[Short descriptive text snippets]
_____
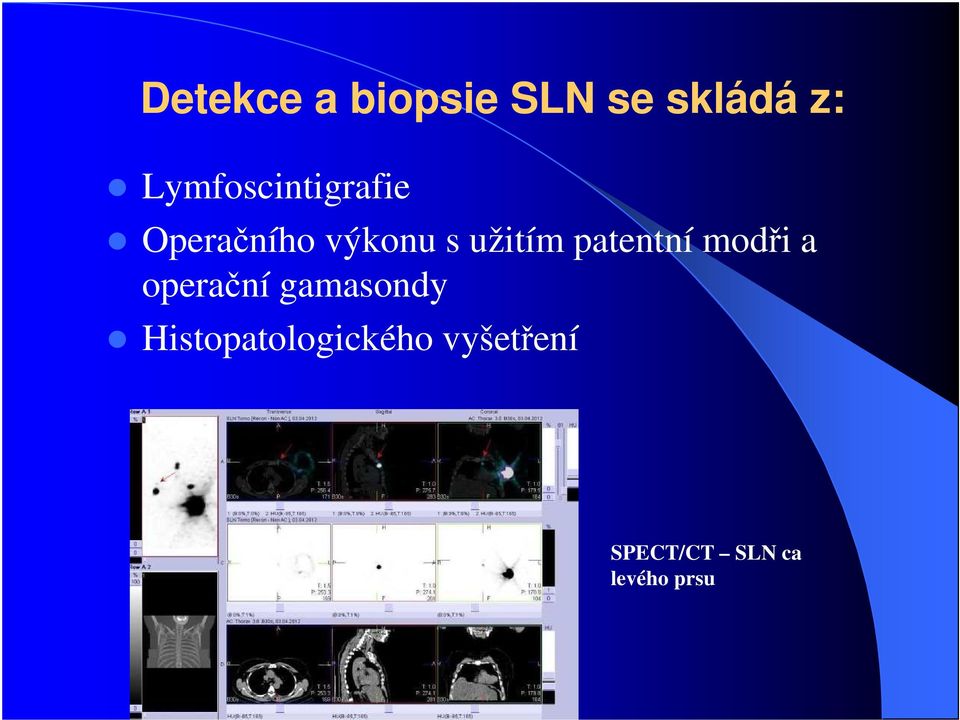 užitím patentní modři a operační gamasondy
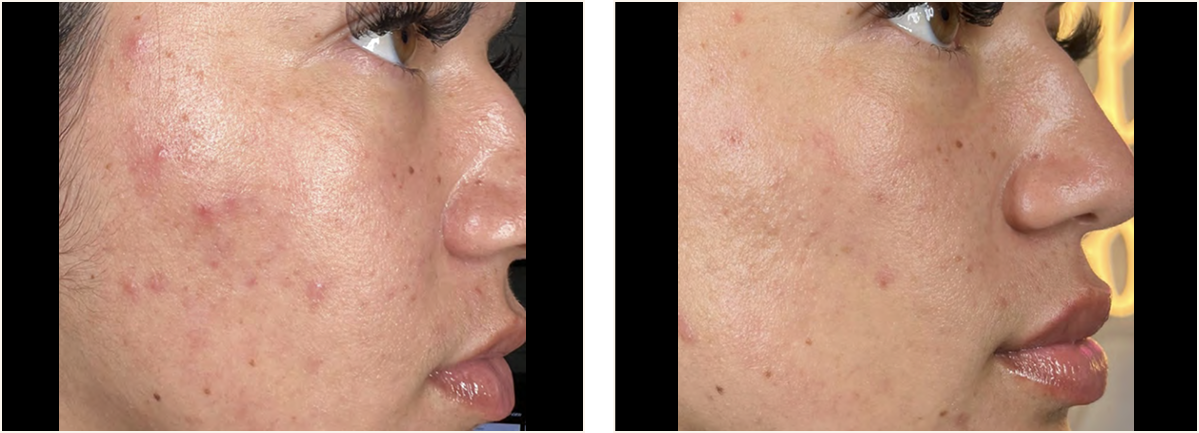 hydrafacial example 4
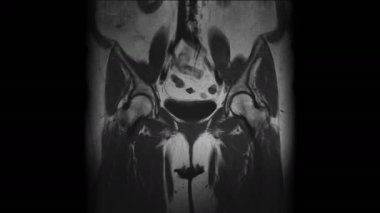 Metastaz tespiti için kadın organlarının ameliyat sonrası MR 'ı.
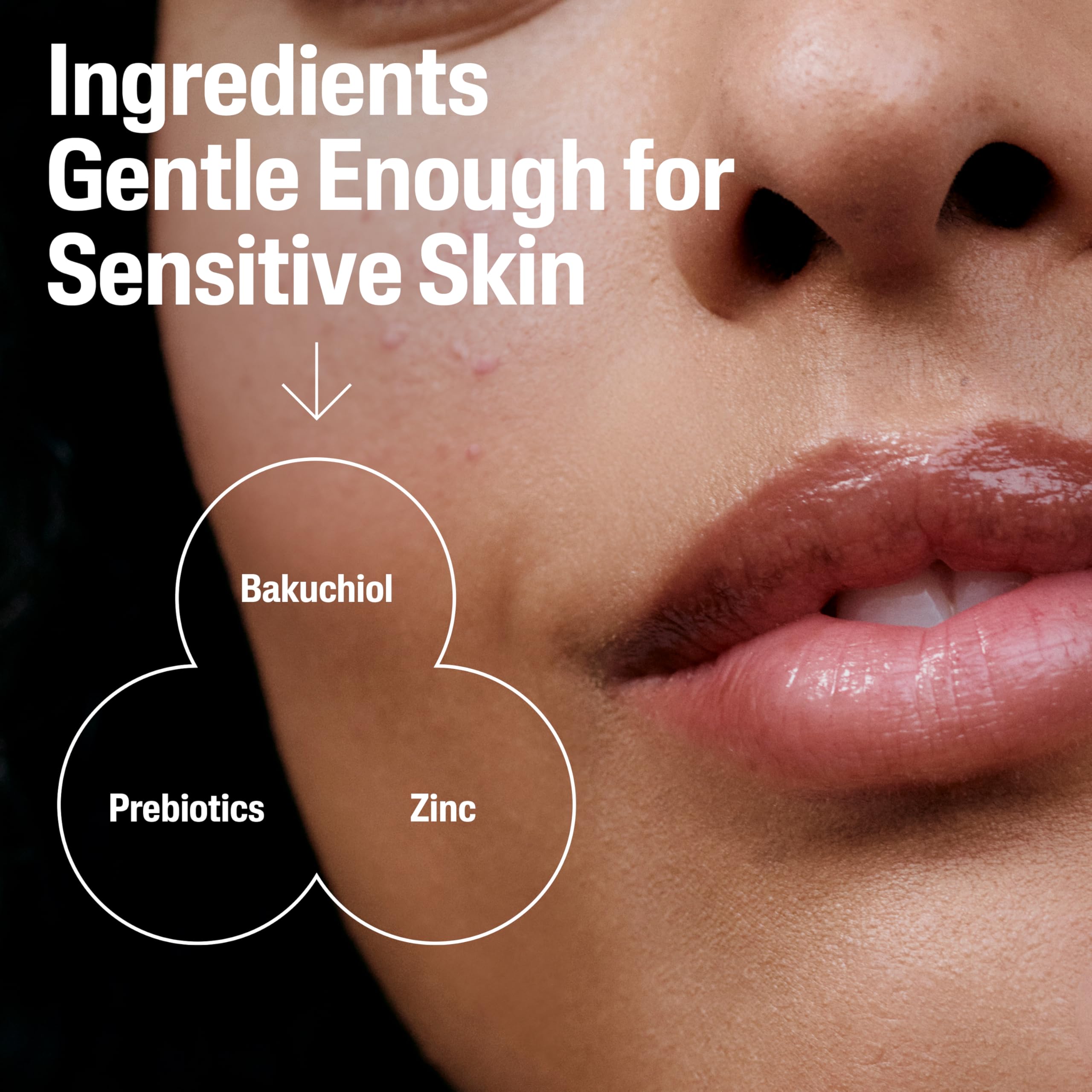 Cetaphil zinc and prebiotics aiding skin barrier close-up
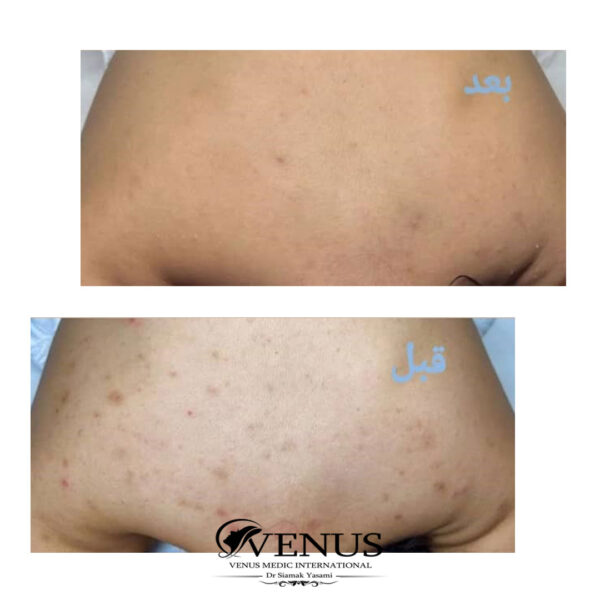 y-25 میکرونیدلینگ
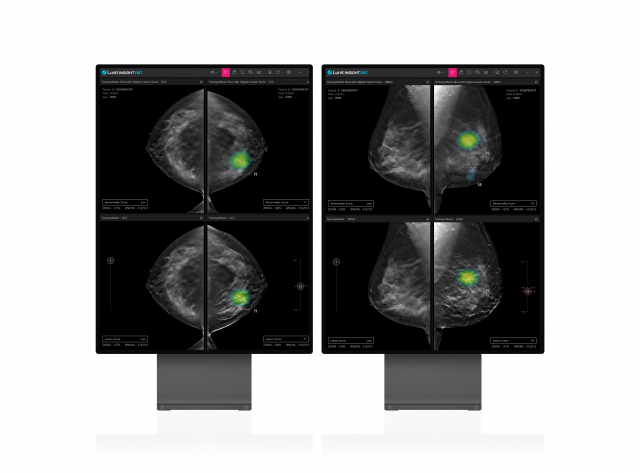 루닛, 3D 유방암 검진 AI 솔루션 '루닛 인사이트 DBT' 수출허가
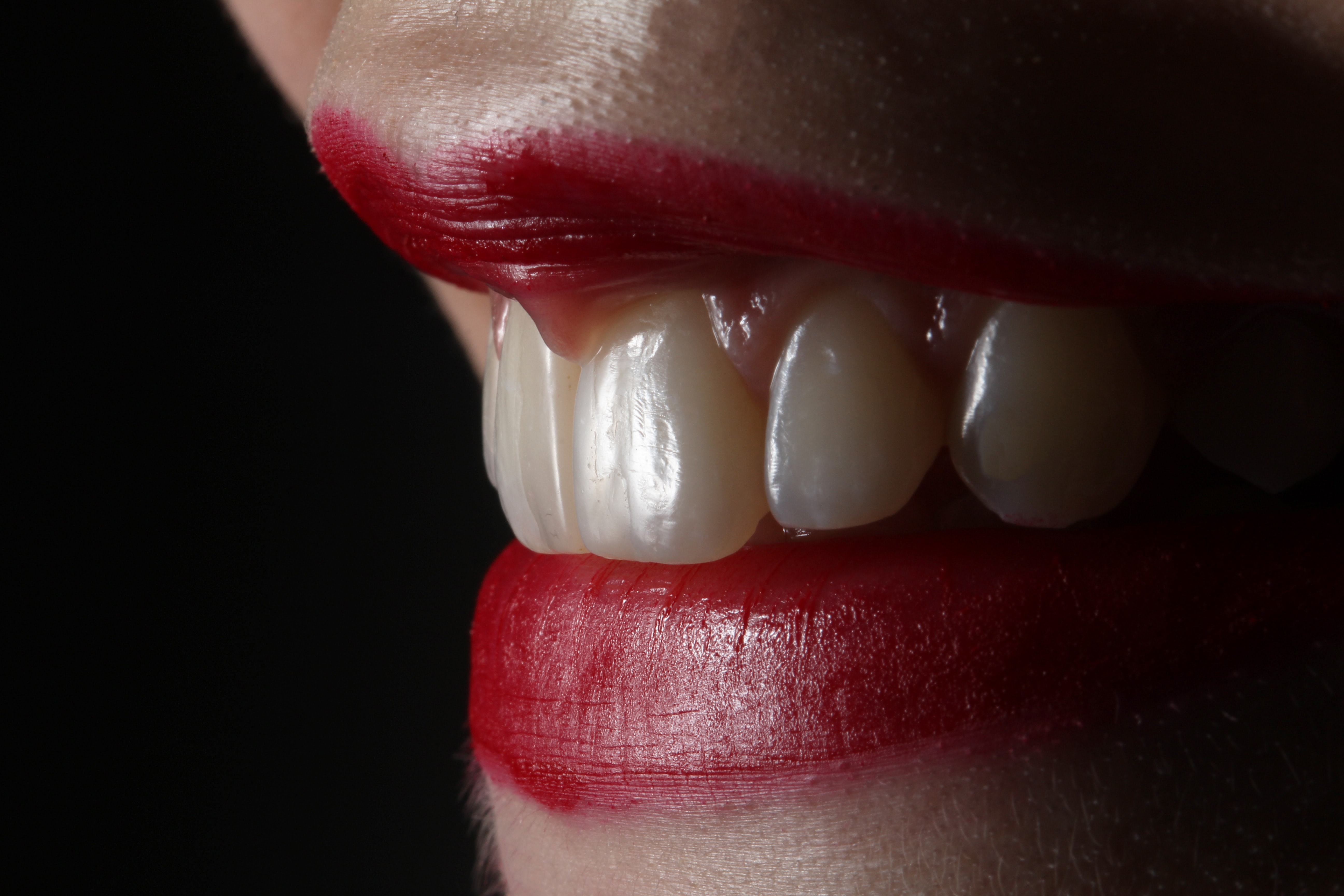 The Best Teeth Whitening Ways For You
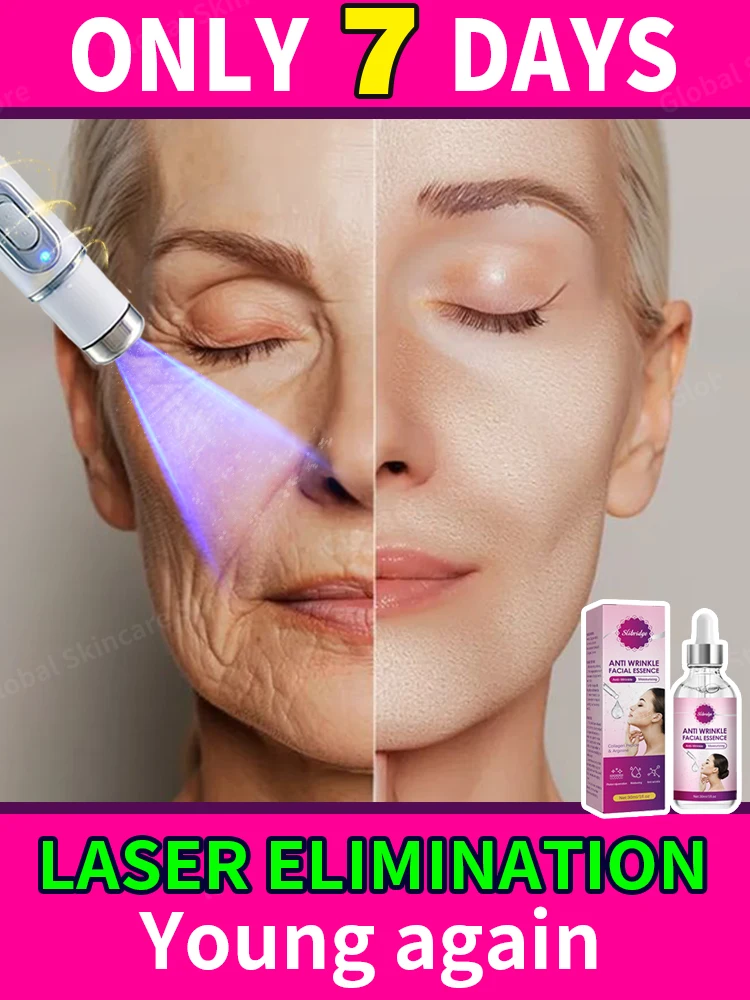 Laser Product For Solves wrinkle Problems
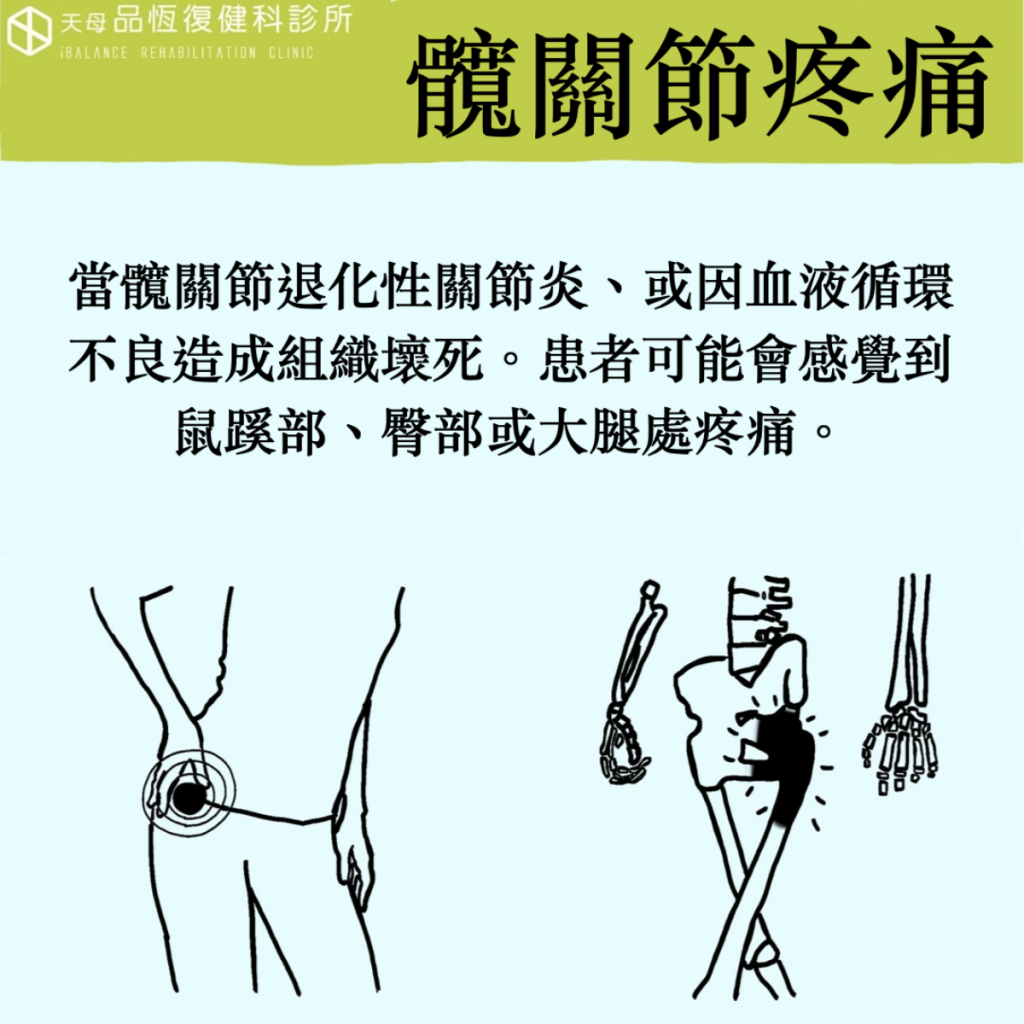 髖關節疼痛 髖關節疼痛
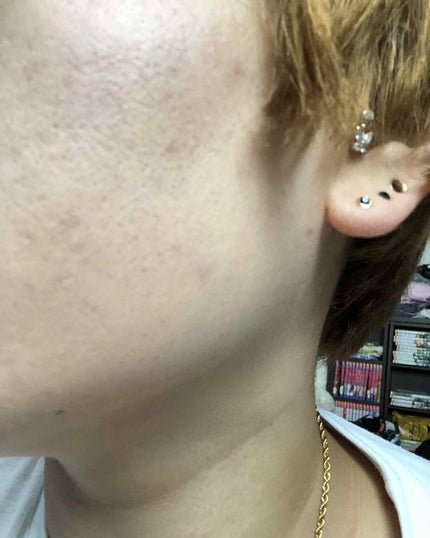 【旧】ディオールスキン フォーエヴァー クッション/Dior/クッションファンデーションを使ったクチコミ(4枚目)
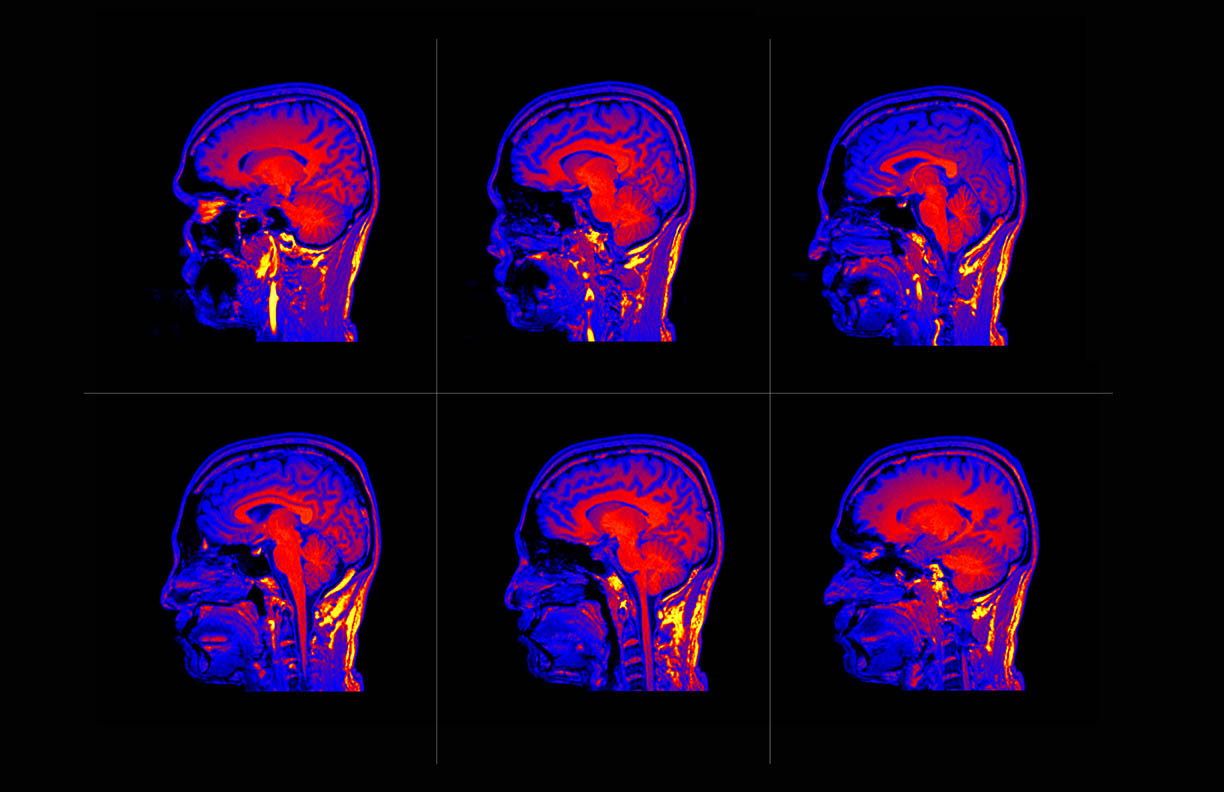 Repeating image of a brain MRI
_____
Give again, exactly as written, the lines from the one with "髖關節疼痛 髖關節疼痛" through the last line of the entries above, but skip the pictures.

◆ **EXPECTED OUTPUT**
 髖關節疼痛 髖關節疼痛
 【旧】ディオールスキン フォーエヴァー クッション/Dior/クッションファンデーションを使ったクチコミ(4枚目)
 Repeating image of a brain MRI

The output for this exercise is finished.